Dari berbagai definisi di atas, definisi yang disampaikan oleh Ahmad Amin lebih jelas menampakkan unsur yang mendorong terjadinya akhlak yaitu kebiasaan dan iradah (kehendak). Jika ditampilkan satu contoh proses akhlak dapat disebutkan berikut ini:
- Dalam iradah harus ada kecenderungan untuk melakukan sesuatu, kemudian terdapat pengulangan yang sering dikerjakan sehingga tidak memerlukan pikiran.
- Dalam iradah menampakkan hal-hal berikut: (a) lahir keinginan-keinginan setelah ada rangsangan (stimulan) melalui indra, (b) muncul kebimbangan, mana yang harus dipilih di antara keinginan-keinginan itu, padahal harus memilih satu dari keinginan tersebut, dan (c) mengambil keputusan dengan menentukan keinginan yang diprioritaskan di antara banyak keinginan tersebut .
Contoh, pada jam 2 siang seorang berangkat ke pasar mencari bengkel motor untuk membeli kampas rem. Di saat memasuki lorong gang, ketika menoleh ke arah kanan ia melihat warung makan yang penuh dan sesak ada kepulan bau nikmat yang ia hirup. Sesaat kemudian melihat arah kiri, terdapat es cendol yang laris dibeli orang. Padahal orang tersebut sudah lapar dan haus. Sementara di arah depan kelihatan mushalla yang nampak bersih dan dilihat hilir mudik orang sembahyang. Kemudian orang tersebut menentukan shalat terlebih dahulu karena mempertimbangkan jam yang sudah limit. Kesimpulan yang dipilih oleh orang tersebut setelah banyak mempertimbangkan beberapa keinginan disebut iradah. Jika iradah tersebut dibiasakan setiap ada beberapa keinginan dengan tanpa berpikir panjang karena sudah dirasakan oleh dirinya maka disebut akhlak.
Sebaliknya ada seorang kaya, mendengarkan pengajian da’i kondang menjelaskan hikmah infaq.
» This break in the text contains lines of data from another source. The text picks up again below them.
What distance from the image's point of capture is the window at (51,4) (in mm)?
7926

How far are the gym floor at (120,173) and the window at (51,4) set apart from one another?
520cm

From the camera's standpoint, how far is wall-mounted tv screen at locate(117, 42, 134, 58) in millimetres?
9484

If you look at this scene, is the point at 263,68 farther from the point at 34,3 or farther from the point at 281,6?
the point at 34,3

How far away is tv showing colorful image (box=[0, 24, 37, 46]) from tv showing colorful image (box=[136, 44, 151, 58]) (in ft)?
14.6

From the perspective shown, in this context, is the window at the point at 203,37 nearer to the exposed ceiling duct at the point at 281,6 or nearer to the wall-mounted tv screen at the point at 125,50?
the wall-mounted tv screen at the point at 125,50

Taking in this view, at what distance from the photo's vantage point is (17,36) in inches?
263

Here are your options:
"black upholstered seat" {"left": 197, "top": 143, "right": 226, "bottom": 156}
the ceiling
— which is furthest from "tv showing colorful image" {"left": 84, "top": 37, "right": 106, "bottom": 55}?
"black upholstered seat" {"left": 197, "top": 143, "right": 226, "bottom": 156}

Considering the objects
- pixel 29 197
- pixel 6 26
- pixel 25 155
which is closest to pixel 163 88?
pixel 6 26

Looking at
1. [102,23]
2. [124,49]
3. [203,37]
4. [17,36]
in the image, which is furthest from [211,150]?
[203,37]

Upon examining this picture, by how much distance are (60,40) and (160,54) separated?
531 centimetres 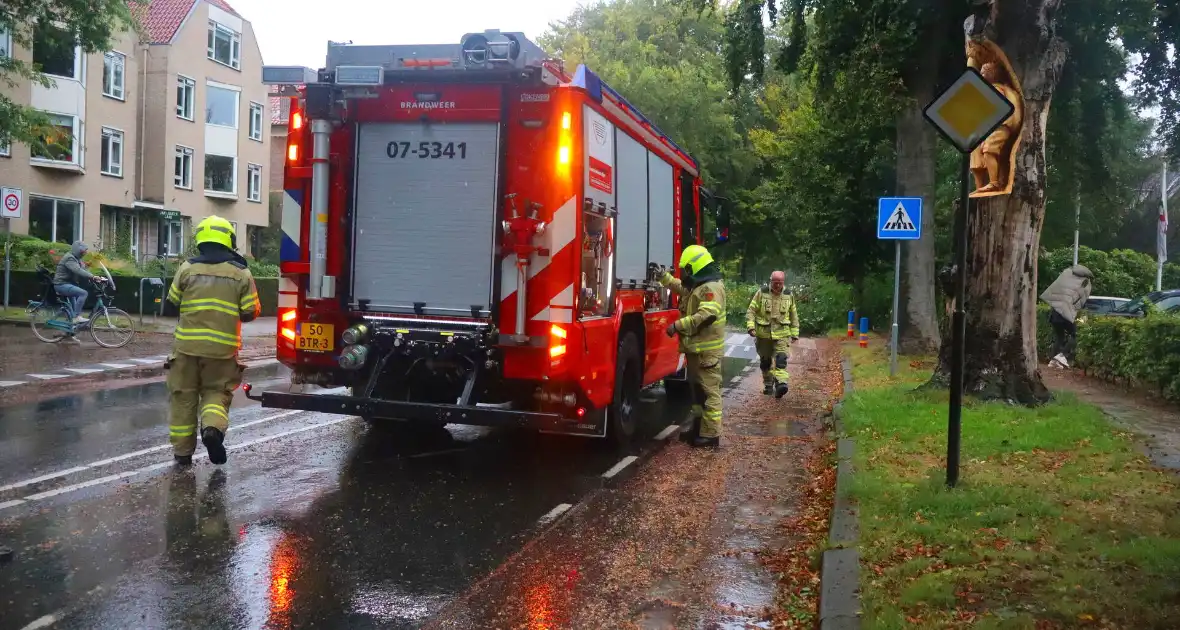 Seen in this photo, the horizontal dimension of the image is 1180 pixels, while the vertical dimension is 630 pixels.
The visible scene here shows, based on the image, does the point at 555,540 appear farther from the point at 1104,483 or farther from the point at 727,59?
the point at 727,59

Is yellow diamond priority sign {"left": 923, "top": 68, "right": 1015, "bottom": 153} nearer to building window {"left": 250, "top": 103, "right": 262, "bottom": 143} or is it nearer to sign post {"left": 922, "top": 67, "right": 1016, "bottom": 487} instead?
sign post {"left": 922, "top": 67, "right": 1016, "bottom": 487}

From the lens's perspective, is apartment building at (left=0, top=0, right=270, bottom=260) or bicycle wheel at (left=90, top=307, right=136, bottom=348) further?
apartment building at (left=0, top=0, right=270, bottom=260)

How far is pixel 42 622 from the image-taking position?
4.39m

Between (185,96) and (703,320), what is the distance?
1301 inches

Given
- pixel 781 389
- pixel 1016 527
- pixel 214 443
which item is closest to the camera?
pixel 1016 527

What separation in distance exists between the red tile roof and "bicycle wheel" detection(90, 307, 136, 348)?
22.1 meters

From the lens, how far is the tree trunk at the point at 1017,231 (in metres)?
10.6

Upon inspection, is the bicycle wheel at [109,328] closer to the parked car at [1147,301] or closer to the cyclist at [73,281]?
the cyclist at [73,281]

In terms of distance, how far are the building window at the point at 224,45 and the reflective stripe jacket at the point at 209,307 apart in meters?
34.0

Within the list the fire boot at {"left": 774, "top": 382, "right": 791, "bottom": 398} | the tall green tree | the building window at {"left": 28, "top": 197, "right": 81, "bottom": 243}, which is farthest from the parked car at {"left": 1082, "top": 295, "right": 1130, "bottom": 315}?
the building window at {"left": 28, "top": 197, "right": 81, "bottom": 243}

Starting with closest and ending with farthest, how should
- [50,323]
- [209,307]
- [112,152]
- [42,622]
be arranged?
1. [42,622]
2. [209,307]
3. [50,323]
4. [112,152]

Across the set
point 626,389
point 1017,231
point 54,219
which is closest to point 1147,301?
point 1017,231

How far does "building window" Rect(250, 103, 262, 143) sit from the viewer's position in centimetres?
4047

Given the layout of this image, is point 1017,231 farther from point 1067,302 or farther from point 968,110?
point 1067,302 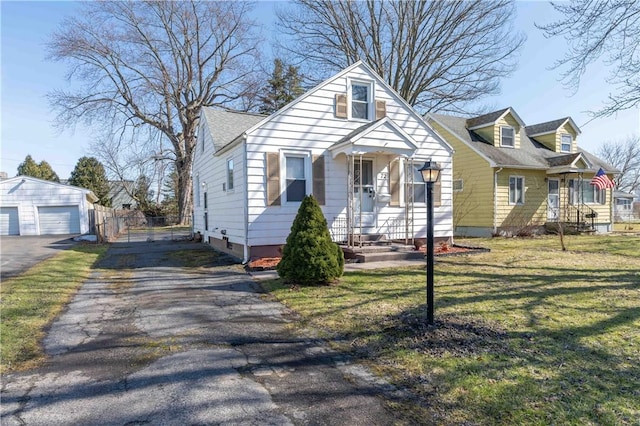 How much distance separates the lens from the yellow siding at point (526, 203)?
17281 millimetres

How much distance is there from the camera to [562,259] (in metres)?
9.90

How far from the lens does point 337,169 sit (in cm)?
1101

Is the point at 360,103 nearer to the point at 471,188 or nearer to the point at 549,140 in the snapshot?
the point at 471,188

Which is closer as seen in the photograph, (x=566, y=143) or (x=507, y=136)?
(x=507, y=136)

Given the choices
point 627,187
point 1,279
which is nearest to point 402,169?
point 1,279

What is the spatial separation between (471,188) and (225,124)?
12284mm

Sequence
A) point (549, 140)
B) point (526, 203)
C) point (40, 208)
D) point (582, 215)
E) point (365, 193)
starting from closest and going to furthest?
point (365, 193) < point (526, 203) < point (582, 215) < point (549, 140) < point (40, 208)

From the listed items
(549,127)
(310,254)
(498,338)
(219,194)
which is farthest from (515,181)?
(498,338)

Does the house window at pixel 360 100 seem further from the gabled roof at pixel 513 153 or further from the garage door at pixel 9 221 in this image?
the garage door at pixel 9 221

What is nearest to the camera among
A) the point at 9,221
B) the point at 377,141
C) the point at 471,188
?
the point at 377,141

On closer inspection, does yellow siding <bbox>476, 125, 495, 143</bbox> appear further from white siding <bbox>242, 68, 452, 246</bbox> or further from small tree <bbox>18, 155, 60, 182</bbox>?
small tree <bbox>18, 155, 60, 182</bbox>

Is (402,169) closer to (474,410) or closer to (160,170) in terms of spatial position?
(474,410)

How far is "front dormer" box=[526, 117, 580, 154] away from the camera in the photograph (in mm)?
20547

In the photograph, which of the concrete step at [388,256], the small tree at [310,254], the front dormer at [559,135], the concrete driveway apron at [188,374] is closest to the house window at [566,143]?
the front dormer at [559,135]
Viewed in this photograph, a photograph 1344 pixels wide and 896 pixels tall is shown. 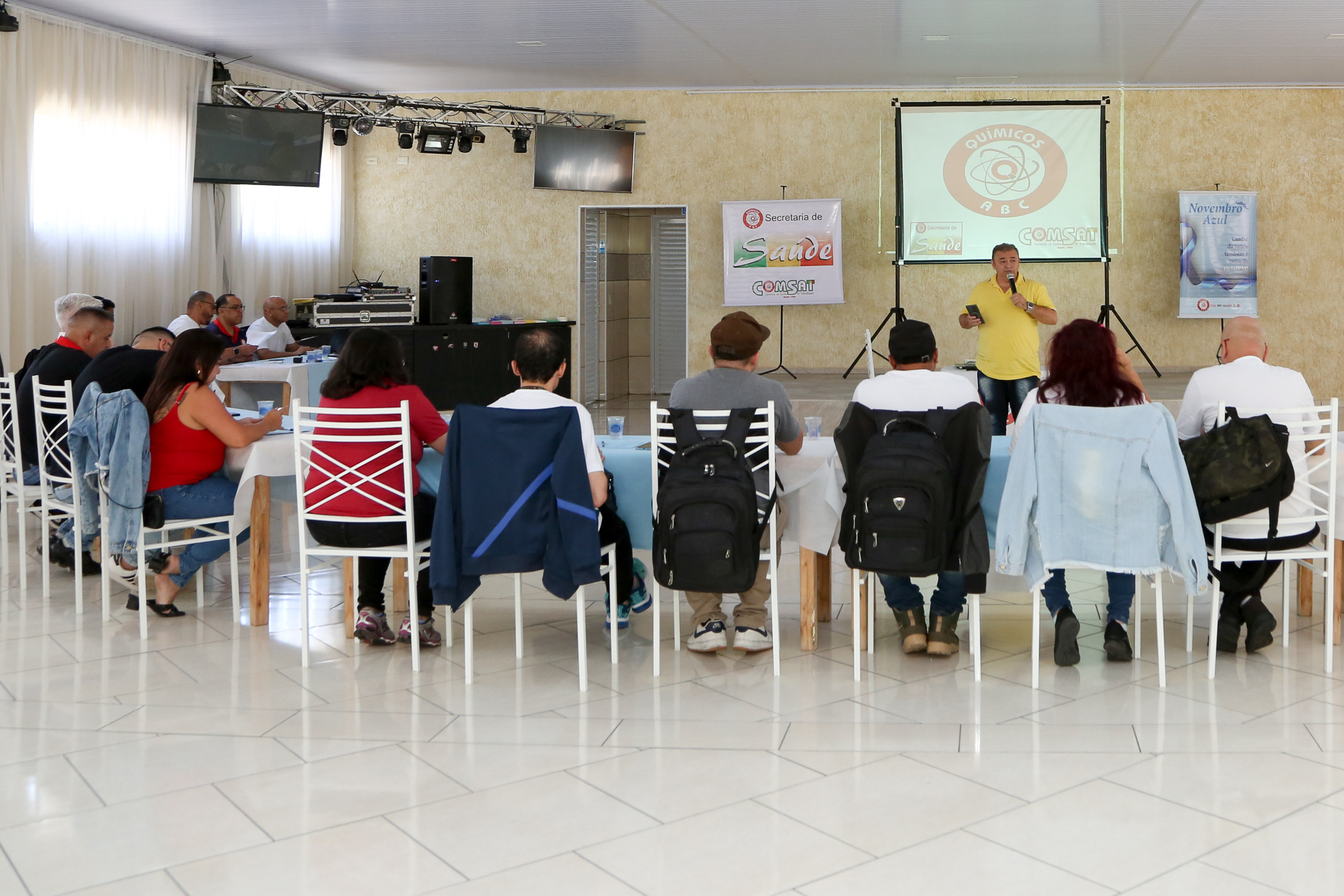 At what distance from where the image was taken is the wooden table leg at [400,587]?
484 centimetres

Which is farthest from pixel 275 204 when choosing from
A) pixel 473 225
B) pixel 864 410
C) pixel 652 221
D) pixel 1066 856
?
pixel 1066 856

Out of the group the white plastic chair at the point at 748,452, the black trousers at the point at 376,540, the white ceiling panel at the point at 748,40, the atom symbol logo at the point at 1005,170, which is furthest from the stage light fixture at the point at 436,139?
the white plastic chair at the point at 748,452

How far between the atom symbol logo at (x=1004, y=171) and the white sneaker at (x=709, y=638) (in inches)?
302

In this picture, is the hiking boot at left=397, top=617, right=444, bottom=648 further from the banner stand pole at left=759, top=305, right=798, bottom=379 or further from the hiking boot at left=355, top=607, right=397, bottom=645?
the banner stand pole at left=759, top=305, right=798, bottom=379

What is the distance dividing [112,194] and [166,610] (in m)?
5.00

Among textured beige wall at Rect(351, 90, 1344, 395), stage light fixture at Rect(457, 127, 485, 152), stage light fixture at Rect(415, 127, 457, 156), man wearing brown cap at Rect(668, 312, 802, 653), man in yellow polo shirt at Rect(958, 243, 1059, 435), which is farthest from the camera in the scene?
textured beige wall at Rect(351, 90, 1344, 395)

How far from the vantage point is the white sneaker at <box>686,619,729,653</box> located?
165 inches

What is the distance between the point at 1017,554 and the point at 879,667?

Orang itu kemudian tertarik dan secara spontan memberikan uang satu juta rupiah untuk didermakan. Orang tersebut belum termasuk dermawan, karena pemberiannya ada dorongan dari luar. Orang tidak termasuk ramah terhadap tamu (secara akhlak) jika ia senang membeda-bedakan tamu yang datang. Dengan demikian akhlak bersifat konstan (tetap-selalu) spontan, tidak temporer dan juga tidak memerlukan pemikiran dan pertimbangan serta dorongan dari luar.
Di samping akhlak ada istilah lain disebut etika dan moral. ketiga istilah di atas sama, sama menentukan nilai baik dan buruk sikap perbuatan seseorang. Bedanya akhlak mempunyai standar ajaran yang bersumber kepada Al-Qur’an dan Sunnah Rasul. Etika bersandar kepada akal pikiran, sedangkan moral bersumber kepada adat kebiasaan yang umum berlaku di masyarakat.
Rujukan:
- Imam Ghazali, Ihya’ ‘Ulum al-Din, (Beirut: Darul Fikr, tt.), jilid III, hlm. 56.
- Ibnu Miskawaih, Tahdzib al-Akhlak wa Tathhir al-A’raq, (Mesir: Al-Mathba’ah alMishriyyah, 1934), cet. I, hlm. 40.
- Ahmad Amin, Etika (Ilmu Akhlak) terj., (Jakarta: Bulan Bintang, 1993), cet. VII, hlm. 62.